As anyone who has worked with DDR3 memory controllers will know, this is a difficult and complex project. There are lots of parts and pieces to it. Currently, a large portion (not all) of the Verilog code has been built, together with what should be a very thorough Verilator test bench. The Verilator code successfully brings the memory out of a reset condition, and starts its first write command. The next step will be completing this write command, and finishing the read logic.
Watch this space, if you are interested.
The good news is that reset works, as do single 32-bit value writes (in the included Verilator simulation ...)
The other good news is that I should be able to calculate timing. So, if you wish to write N adjacent values in a pipelined fashion, the amount of time it will take will be between 55+5N (ns) and 95+5N (ns), depending upon whether or not the corresponding bank is open at the write or wrong value.
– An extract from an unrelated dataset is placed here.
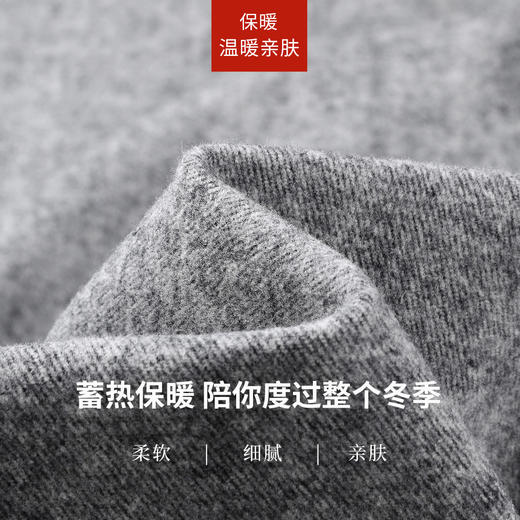 【初春！显瘦-牛仔阔腿裤】逸阳早春侧缝前移拉毛厚牛仔裤8838V 商品图3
I also learned more about Xilinx's ODDR and IDDR primitives, and so I fixed some bugs there.
This leaves me with two problems: 1) Fixing the timing issue broke the simulation, and 2) while testing at 160MHz without the timing fix, the answers and results from the memory were all over the map. I may be able to read and write 1/16 times, and I can't explain why that one time works.
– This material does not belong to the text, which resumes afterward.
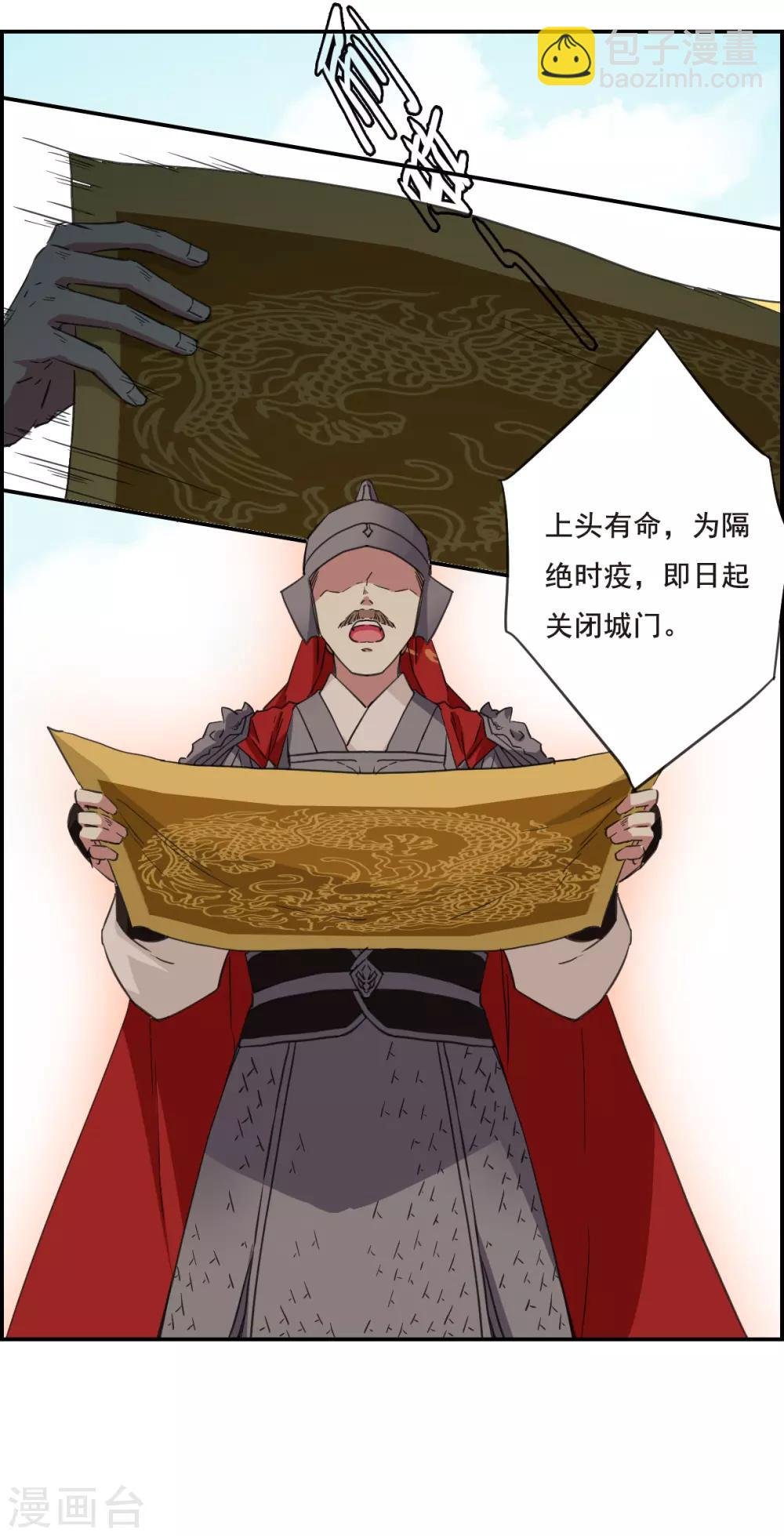 第29话 时疫2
Tomorrow, I shall try to see if I can't user an iserdese2 as a logic analyzer to see what's really going on---once I get the simulation logic fixed (again).
At any rate, I'm scratching my head on the drawing board right now. Since the commands must be issued in parallel, it makes sense to reserve timeslots for each command: The first could be reserved for Write, then Read, then Activate (open), then Precharge. This would allow precharge to be followed by an activate 11 clocks later, followed by a read, followed by a full vector-width read, as in:
Clk | TS1 | TS2 | TS3 | TS4 | Internal | Bus |
---|---|---|---|---|---|---|
1 | NOOP | NOOP | NOOP | NOOP | Idle | Active |
2 | NOOP | NOOP | NOOP | NOOP | Registered | (Idle, or stalled if active) |
3 | NOOP | NOOP | NOOP | Pre-Charge | Stalled | |
4 | (2) | (3) | (4) | (5) | Stalled | |
5 | (6) | (7) | (8) | (9) | Stalled | |
6 | (10) | (11) | Activate | (2) | Stalled | |
7 | (3) | (4) | (5) | (6) | Stalled | |
8 | (7) | (8) | (9) | (10) | Stalled | Potential next bus command |
9 | (11) | READ | (2) | (3) | Next Cmd | (Idle) |
10 | (4) | (5/nxt read?) | (6) | (7) | ||
11 | (8) | (9) | (10) | (11) | ||
12 | 128-bit Data Transfer | |||||
13 | (Determined by next command, otherwise idle) | ACK, and data returned |
This is my plan going forward, but it may mean that I have to scrap a lot of what I've done.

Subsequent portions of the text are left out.